Au milieu du calme de cet état pré-création, les forces divines se préparaient à l'émergence du destin, mettant en place la scène pour l'apparition des premières divinités qui façonneraient le monde. Dans le Japon ancien, la croyance en un vide informe précédant la création servait à expliquer les mystères de l'existence. Ce vide n'était pas simplement une absence mais un terreau fertile pour le potentiel, soulignant la croyance que du chaos, l'ordre et la vie pouvaient émerger. Il fournissait un cadre pour comprendre les cycles de la nature, les saisons, et l'essence même de la vie et de la mort, qui étaient perçues comme interconnectées plutôt que opposées.

Ainsi, le cosmos était prêt à se transformer, prêt à passer du chaos à l'ordre, annonçant l'arrivée d'Izanagi et d'Izanami, le couple divin destiné à créer les îles du Japon et le panthéon des dieux.
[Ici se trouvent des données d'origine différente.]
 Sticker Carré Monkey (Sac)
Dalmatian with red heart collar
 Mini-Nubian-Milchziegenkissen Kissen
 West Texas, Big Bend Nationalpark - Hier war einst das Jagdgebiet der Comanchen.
Leur histoire n'est pas seulement un récit de création mais aussi une exploration des relations entre les divinités, la nature et l'humanité. Dans certaines versions du mythe, Izanagi et Izanami sont dépeints comme des incarnations des principes masculin et féminin, représentant les forces génératrices de la nature. Cette dualité reflète un schéma mythologique plus large trouvé dans diverses cultures, où la création émerge souvent de l'union des opposés, tels que la terre et le ciel, ou l'eau et le feu.
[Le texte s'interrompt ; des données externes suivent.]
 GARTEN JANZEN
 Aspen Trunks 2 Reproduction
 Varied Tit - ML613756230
La descente du couple des cieux est marquée par leur voyage sur le Pont Flottant du Ciel, connu sous le nom de 'Ame-no-Hashidate'. Ce pont symbolise la connexion entre les royaumes céleste et terrestre, un motif résonnant dans d'autres mythologies où des êtres divins traversent un seuil pour donner naissance à la création. L'acte de poser le pied sur ce pont signifie le moment où le potentiel devient manifeste, alors qu'Izanagi et Izanami se préparent à façonner le monde à partir du chaos primordial.

Dans leur tâche divine, Izanagi et Izanami brandissaient une lance, connue sous le nom de 'Ame-no-Nuhoko', pour remuer les eaux de la création. Alors qu'ils plongeaient la lance dans l'océan, les gouttes qui en tombaient se solidifiaient en la première île, Onogoro. Cet acte de création est chargé de signification symbolique ; la lance représente non seulement le pouvoir des dieux mais aussi l'acte d'intention et de concentration nécessaire pour donner la vie. Dans d'autres traditions, des outils ou instruments similaires sont utilisés dans les mythes de création, tels que le bâton du dieu grec Zeus ou le marteau du dieu nordique Thor, illustrant une compréhension partagée du rôle du divin dans la formation du monde.

Alors qu'Izanagi et Izanami poursuivaient leur œuvre, ils donnèrent naissance à diverses divinités, chacune incarnant différents aspects de la nature et de l'existence. Ce processus de création reflète la croyance que le divin est immanent dans le monde, et que les dieux ne sont pas des entités distantes mais des parties intégrantes de l'ordre naturel. La naissance de ces divinités sert également à expliquer les complexités du monde, des montagnes et des rivières aux plantes et aux animaux, chacun ayant son propre patron divin.

Culturellement, le mythe d'Izanagi et d'Izanami était compris comme un récit fondateur qui offrait aux anciens Japonais un sens d'identité et d'appartenance. Il offrait des explications pour la terre qu'ils habitaient, les phénomènes naturels qu'ils observaient, et les cycles de la vie et de la mort qu'ils expérimentaient. Les îles du Japon elles-mêmes étaient considérées comme sacrées, créées par des êtres divins, et cette croyance favorisait une profonde révérence pour la nature qui imprégnait les pratiques shintoïstes.

En conclusion, le mythe d'Izanagi et d'Izanami encapsule la transition du chaos à l'ordre, illustrant le processus de création et l'émergence du divin. Il sert de rappel de l'interconnexion de toutes choses, où le sacré et le profane coexistent. L'histoire de ces divinités est un reflet de la vision du monde des anciens Japonais, soulignant l'importance de l'harmonie avec la nature et les forces divines qui façonnent l'existence. Alors que les eaux cosmiques se retiraient et que les îles du Japon émergeaient des profondeurs, la compréhension que la vie est un cycle continu de création, de destruction et de renaissance émergeait également, un thème qui résonne à travers les âges de la mythologie.